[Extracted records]
=== Section Start ===

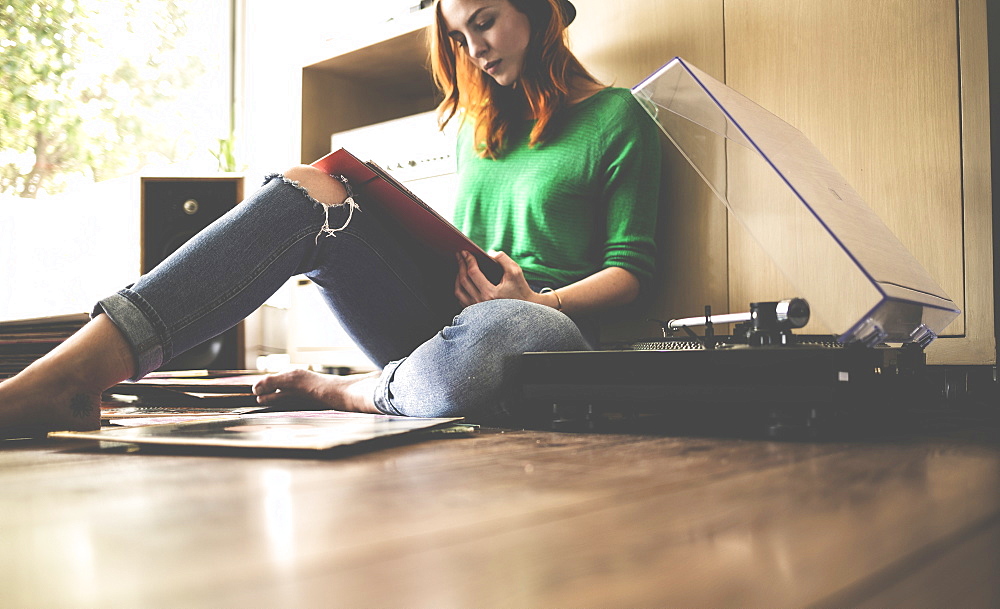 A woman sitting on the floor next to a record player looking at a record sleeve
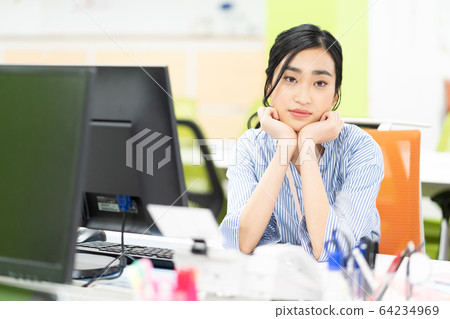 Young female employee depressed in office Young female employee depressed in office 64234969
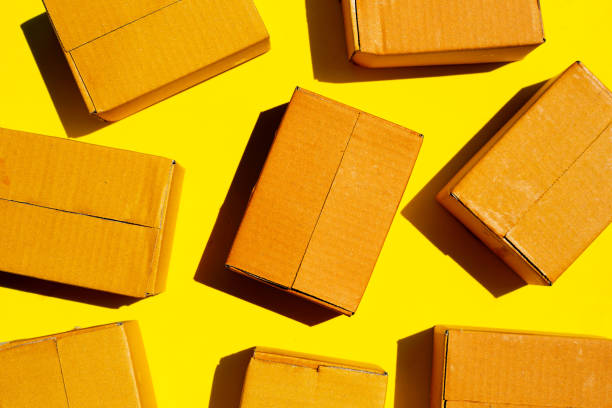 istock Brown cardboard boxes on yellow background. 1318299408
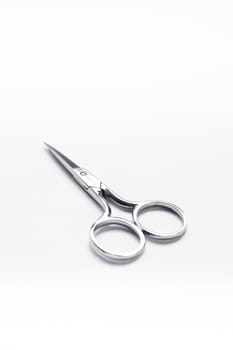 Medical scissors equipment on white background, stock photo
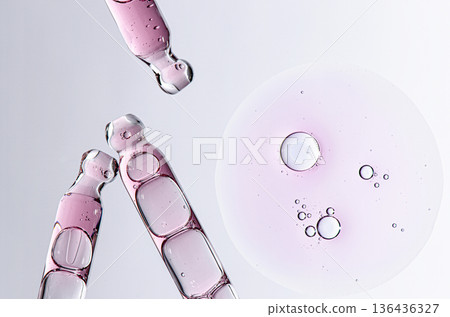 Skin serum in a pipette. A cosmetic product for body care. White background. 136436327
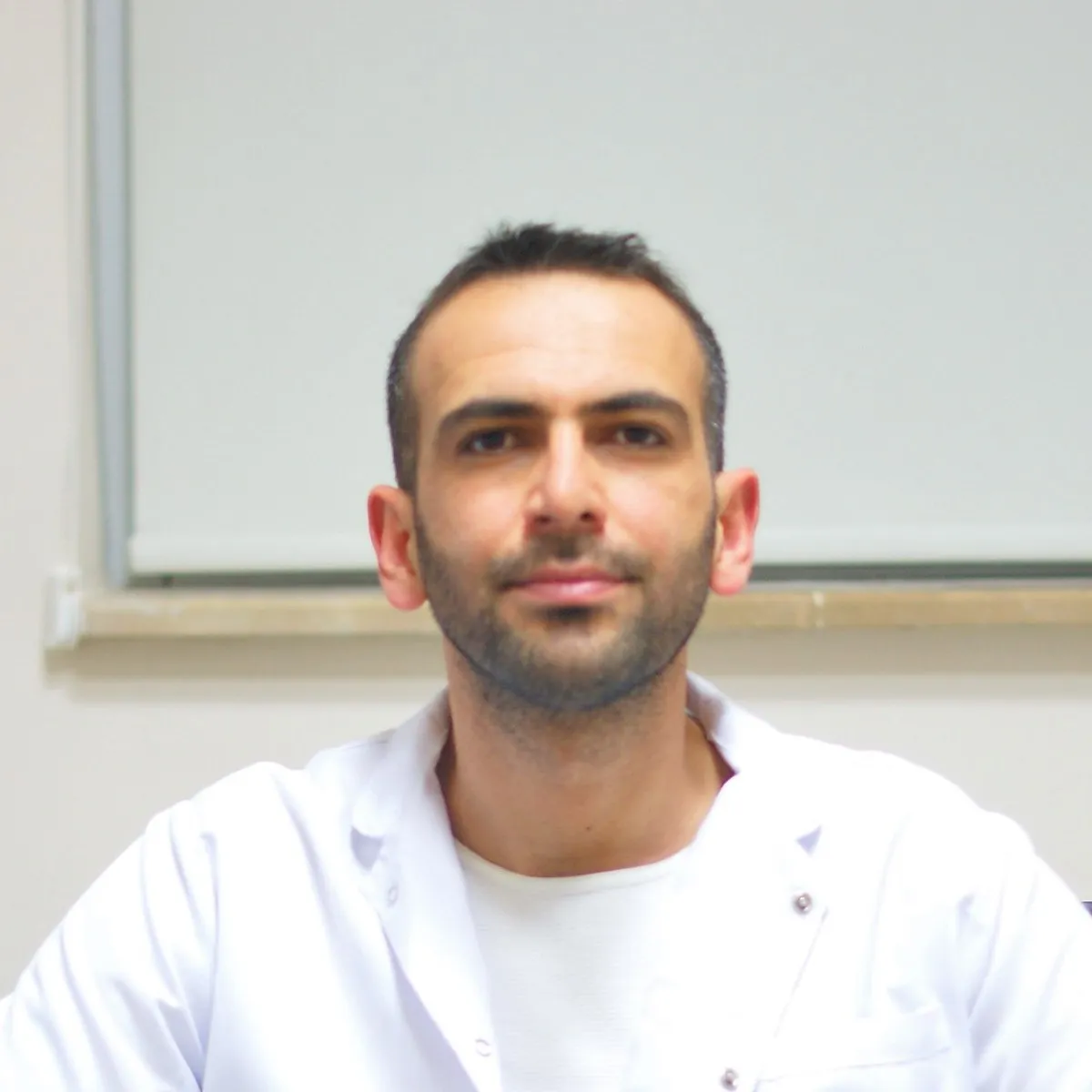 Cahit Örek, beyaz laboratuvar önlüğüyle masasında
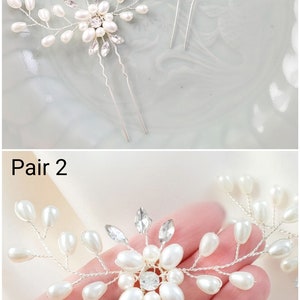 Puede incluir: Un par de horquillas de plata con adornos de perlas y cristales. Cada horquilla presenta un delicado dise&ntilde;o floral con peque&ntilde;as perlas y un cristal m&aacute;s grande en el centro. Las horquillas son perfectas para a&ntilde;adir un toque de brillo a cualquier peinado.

=== Section End ===
=== Section Start ===

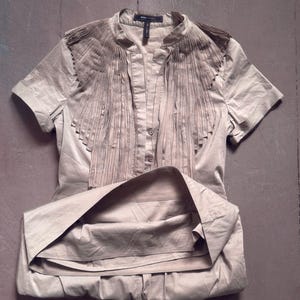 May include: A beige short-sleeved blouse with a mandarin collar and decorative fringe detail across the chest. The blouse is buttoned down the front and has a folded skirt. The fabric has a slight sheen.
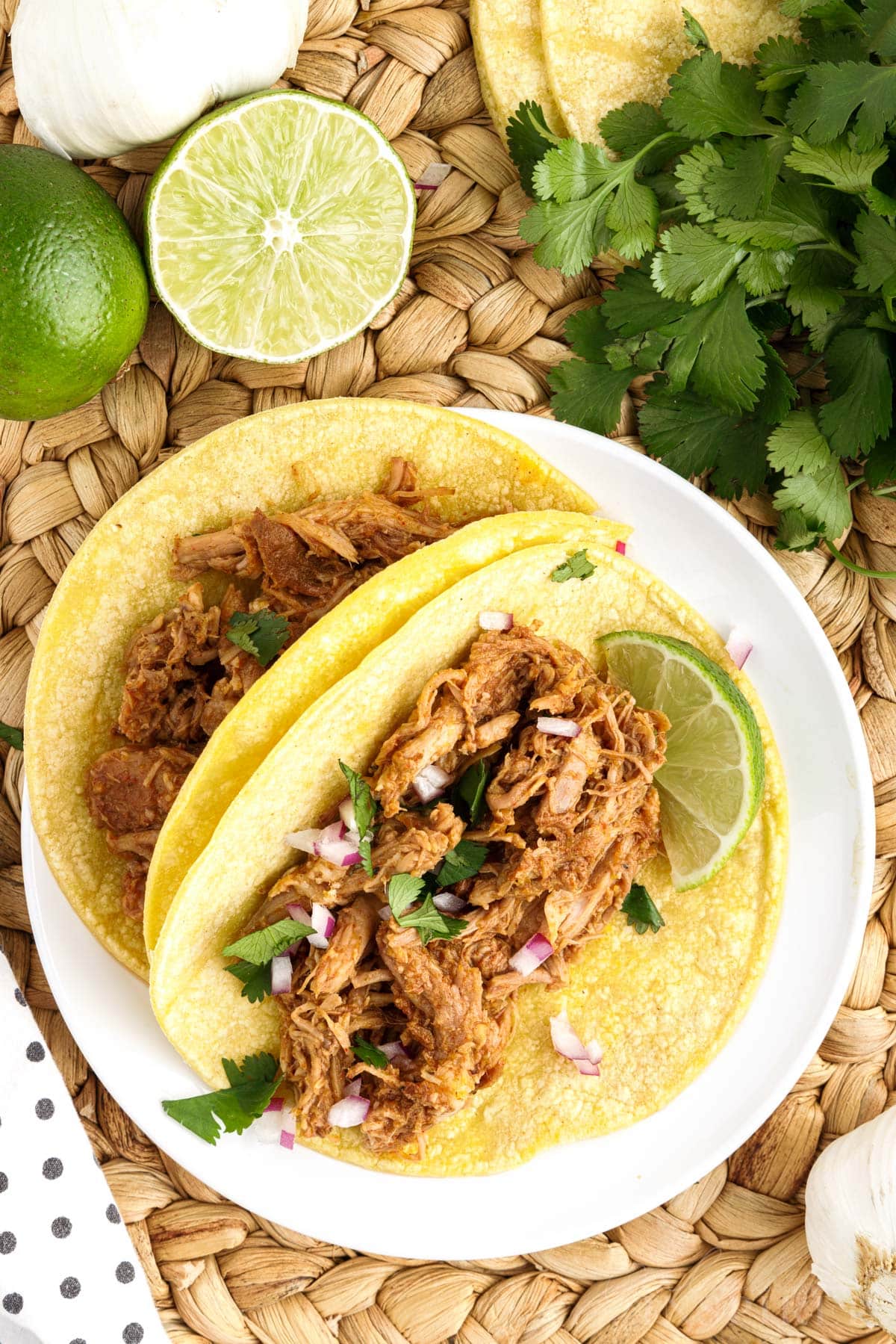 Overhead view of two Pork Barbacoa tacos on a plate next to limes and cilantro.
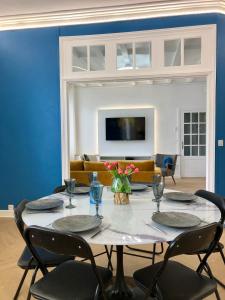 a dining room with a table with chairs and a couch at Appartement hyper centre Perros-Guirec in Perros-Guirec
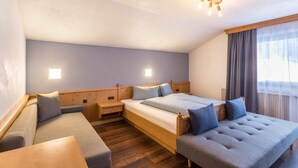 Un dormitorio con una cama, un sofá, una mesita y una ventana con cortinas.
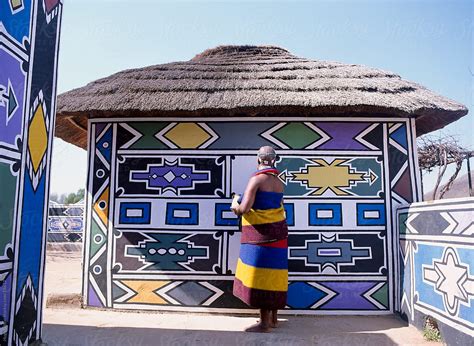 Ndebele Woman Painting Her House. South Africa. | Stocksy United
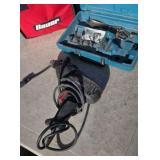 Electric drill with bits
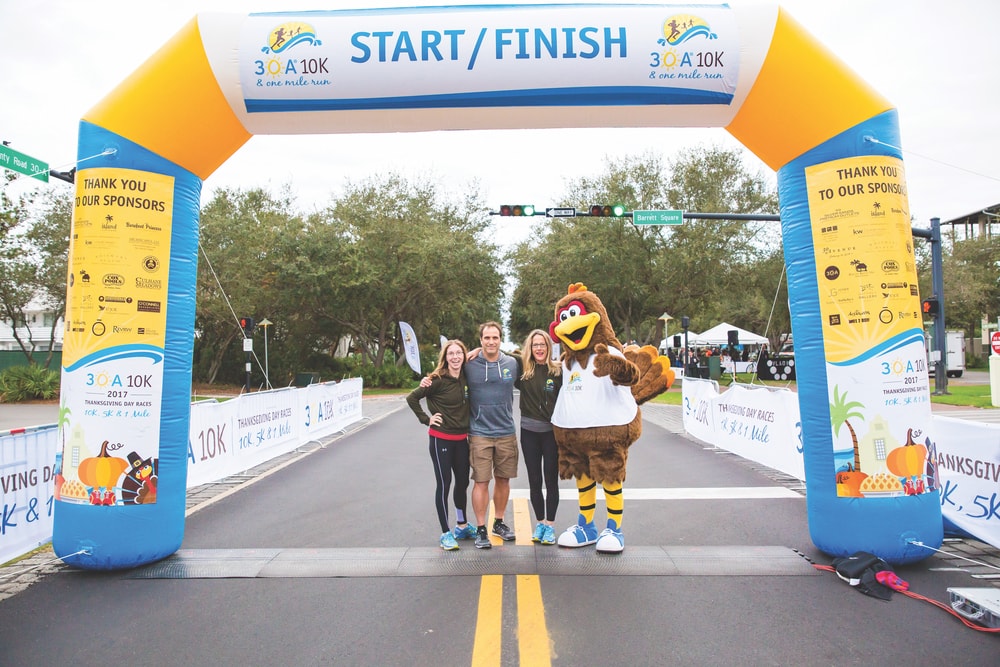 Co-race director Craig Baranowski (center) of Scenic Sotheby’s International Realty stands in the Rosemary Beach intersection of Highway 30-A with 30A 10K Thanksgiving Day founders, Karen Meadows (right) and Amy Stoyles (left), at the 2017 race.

=== Section End ===

> TASK TO CARRY OUT
For this exercise, reproduce exactly the lines of the records above from the one with "May include: A" up to and including the one with "Overhead view of", without pictures.

> RESULT FOR THIS TASK
 May include: A beige short-sleeved blouse with a mandarin collar and decorative fringe detail across the chest. The blouse is buttoned down the front and has a folded skirt. The fabric has a slight sheen.
 Overhead view of two Pork Barbacoa tacos on a plate next to limes and cilantro.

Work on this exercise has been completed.